“Algısız kavramlar boş, kavramsız
algılar kördür.”
[Immanuel Kant]
Ahmet Davutoğlu, Kürdistan’da (Van’da) “Ak Parti
iktidardan indirilirse, buralarda beyaz Toroslar dolaşacak” derken, aslında
devletin dönüşümünü, iktidar diyalektiğini ifşa etmiş olduğunun farkında mıdır,
bilinmez. Ama Ak Devlet’in, Kürd’e karşı yürütülen kirli savaşın sembolü olan
“beyaz Toroslar”ın ve dahası, oligarşinin, küresel ve yerel sermayenin halk
düşmanı diğer uygulamalarının hem devamcısı ve ardılı, hem de sonucu ve ürünü
olduğu aradan geçen yıllar boyunca sadece yapısal devlet-sermaye analizlerinin
konusu olmakla kalmadı, çok sayıda örnekle de ampirik olarak kanıtlandı.
Kemalizm, Türk’ün Batı kapitalizmine ram oluşunun
adıydı, Ak Devlet ise Müslüman’ın… Devletin egemen gücünün iki rakip
fraksiyonu, emperyalizm ve küresel sermaye sistemi ile “stratejik ortaklıkta”
buluştular, ayrıca Kürd’e düşmanlıkta…
Beyaz Toroslar, 1990’larda kirli savaş yıllarının
sembolüydü; Ak Devlet ise kontrgerillanın bölgeselleştiği momentte bir yandan
Suriye’de savaş yürütürken, öte yandan dıştaki savaşını içeriye taşımaya
çalıştı. Reyhanlı, Kobanê, Suruç ve Ankara, bölgeselleşen kontrgerillanın,
Batılıların “proxy war” dedikleri tarzda kullanılan ve “sahaya” sürülen
işbirlikçi “cihadistlerin” marifetiydi.
Kemalizmin sıkıştığı yerde Ak Devlet yardıma koştu;
emperyalizmin ve burjuvazinin “açtığı yolda, gösterdiği hedefe” durmadan
yürüdü.
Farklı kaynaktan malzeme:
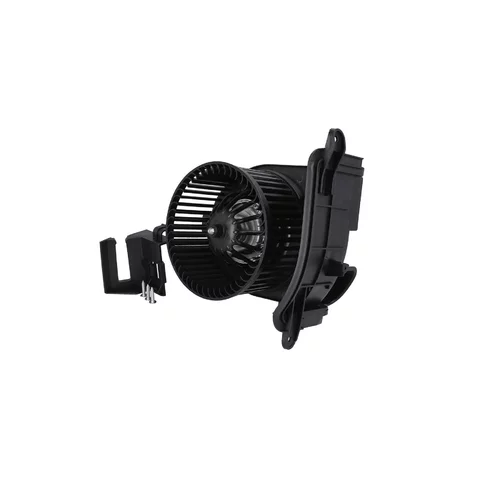 Vnútorný ventilátor 7790059 /KAMOKA/ - obr. 3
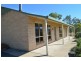 Lot 21 Quidong Road, Tumut NSW 2720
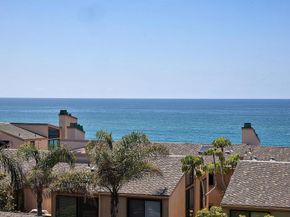 561 S Sierra Avenue 34, Solana Beach CA 92075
Ezilenin mücadelesini düzlemek, öfkesini ve itirazını törpülemek,
sesini kendi soluğuna katmak için çaba harcadı. Kemalizm, Türk’ü istenen kalıba
sokmuştu; Ak Devlet’e ise Kürd’ü kendi ipiyle boğmak, Müslüman’ı kendi düzenine
ideolojik olarak ram etmek görevi miras kaldı.
Bugün anketlerden, seçimlerden, sandıktan konuşmamızı
isteyenlerin, kitlesel mücadele yerine burjuvazinin parlamentosunda koltuk
hesabı yapmamızı dileyenlerin, “gittikçe otoriterleşen”, “Ankaralılaşan” Ak
Devlet’ten ve “güç zehirlenmesine uğrayarak diktatörleşen” Erdoğan’dan söz
açanların büyük bir kısmı, Ak Devlet’in ilk yıllarını “normalleşme süreci”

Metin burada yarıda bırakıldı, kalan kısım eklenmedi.